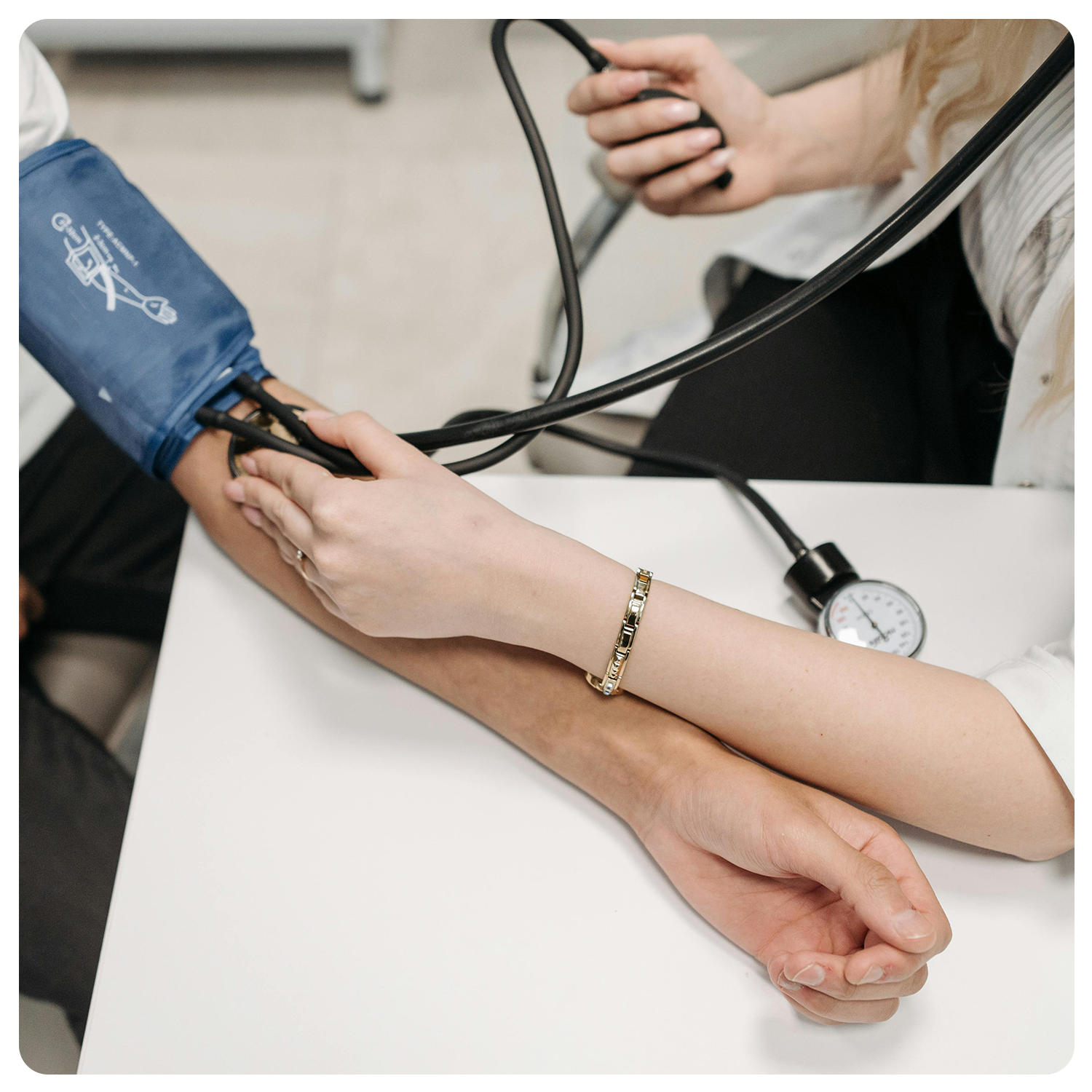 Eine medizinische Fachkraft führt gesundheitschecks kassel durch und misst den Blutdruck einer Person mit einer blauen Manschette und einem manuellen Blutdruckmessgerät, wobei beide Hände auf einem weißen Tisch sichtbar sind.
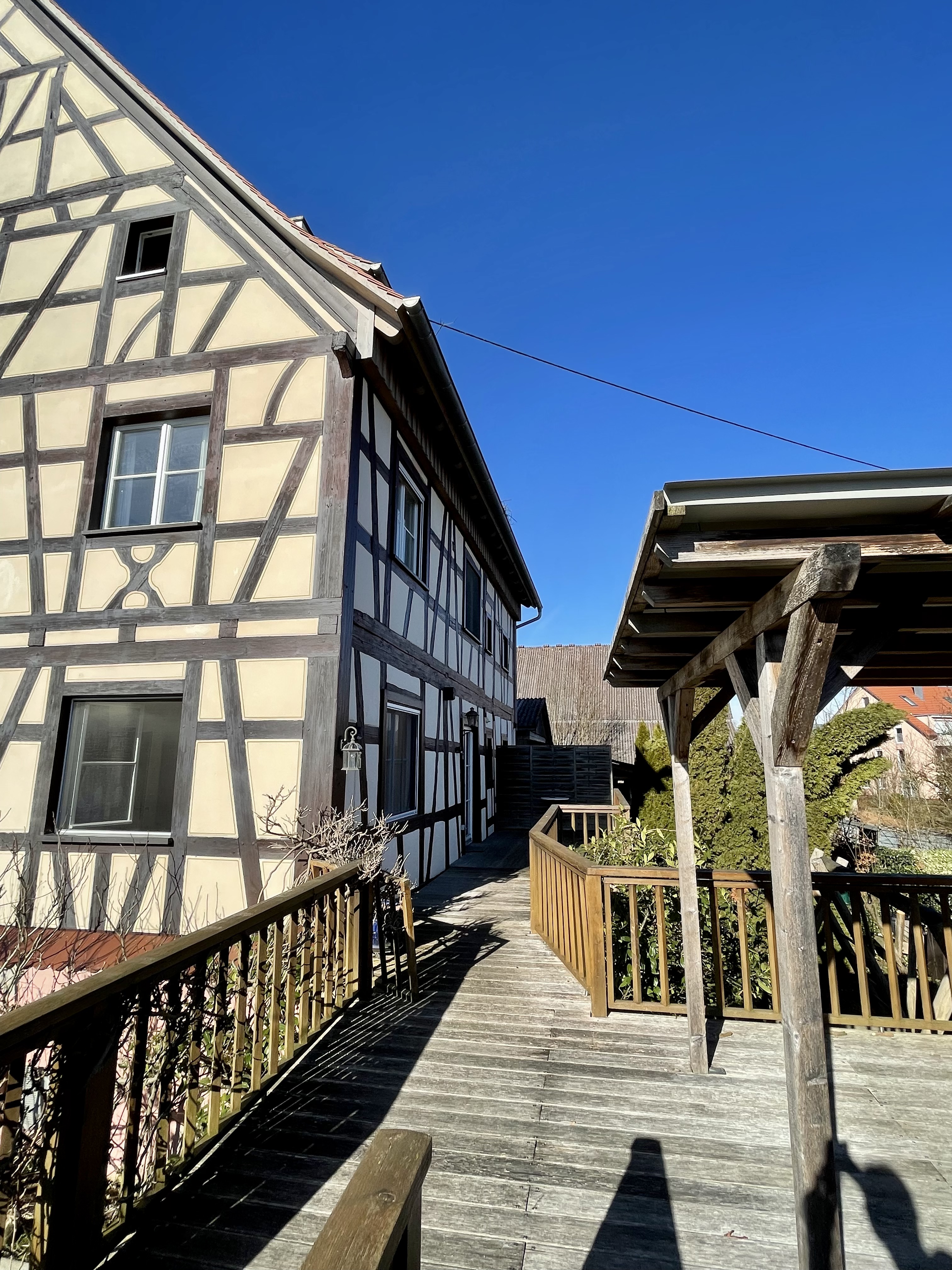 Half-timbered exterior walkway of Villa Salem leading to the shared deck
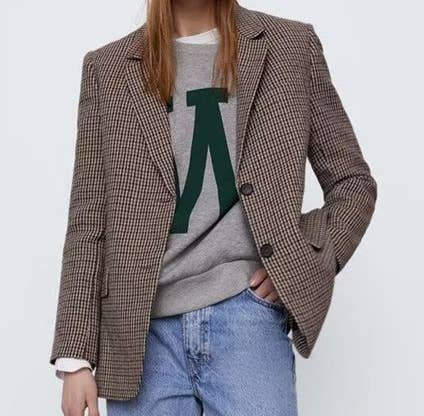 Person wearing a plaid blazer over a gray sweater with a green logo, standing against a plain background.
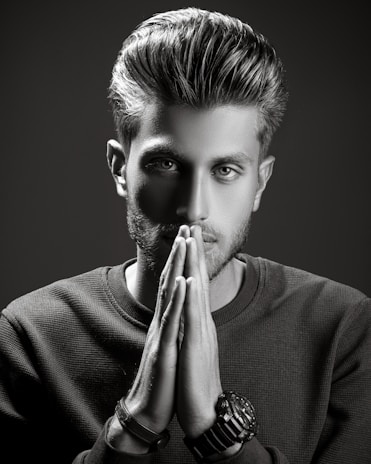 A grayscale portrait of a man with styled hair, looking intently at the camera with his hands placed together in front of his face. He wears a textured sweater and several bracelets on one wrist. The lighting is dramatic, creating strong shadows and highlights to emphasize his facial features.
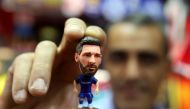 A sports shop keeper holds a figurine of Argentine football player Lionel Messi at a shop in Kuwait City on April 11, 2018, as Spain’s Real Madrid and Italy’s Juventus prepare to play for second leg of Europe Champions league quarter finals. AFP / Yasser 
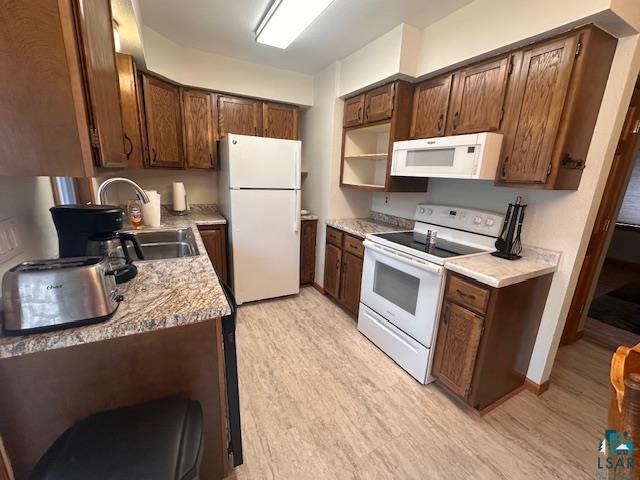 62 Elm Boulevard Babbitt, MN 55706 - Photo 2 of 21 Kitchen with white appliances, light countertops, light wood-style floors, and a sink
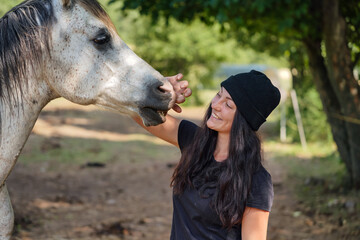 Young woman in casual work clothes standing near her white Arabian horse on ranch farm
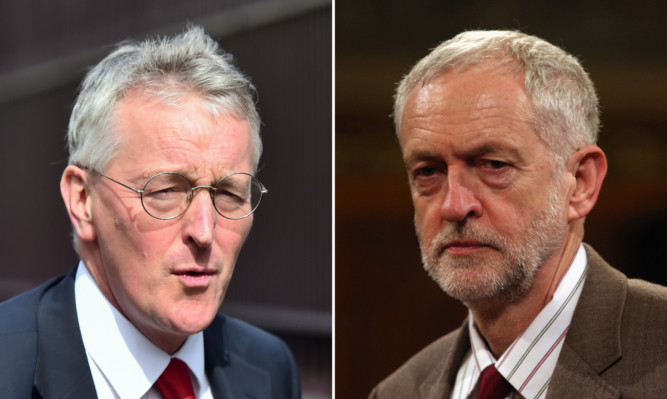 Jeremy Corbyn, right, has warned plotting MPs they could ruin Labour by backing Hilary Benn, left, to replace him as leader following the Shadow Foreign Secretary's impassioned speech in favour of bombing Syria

◇ ◇ ◇ ◇ ◇ ◇ ◇

→ **AIM OF THE EXERCISE**:
Only lines belong in the copy, not pictures: write out exactly the lines of the records from the first through the one holding "A sports shop".

→ **SOLUTION**:
 Eine medizinische Fachkraft führt gesundheitschecks kassel durch und misst den Blutdruck einer Person mit einer blauen Manschette und einem manuellen Blutdruckmessgerät, wobei beide Hände auf einem weißen Tisch sichtbar sind.
 Half-timbered exterior walkway of Villa Salem leading to the shared deck
 Person wearing a plaid blazer over a gray sweater with a green logo, standing against a plain background.
 A grayscale portrait of a man with styled hair, looking intently at the camera with his hands placed together in front of his face. He wears a textured sweater and several bracelets on one wrist. The lighting is dramatic, creating strong shadows and highlights to emphasize his facial features.
 A sports shop keeper holds a figurine of Argentine football player Lionel Messi at a shop in Kuwait City on April 11, 2018, as Spain’s Real Madrid and Italy’s Juventus prepare to play for second leg of Europe Champions league quarter finals. AFP / Yasser 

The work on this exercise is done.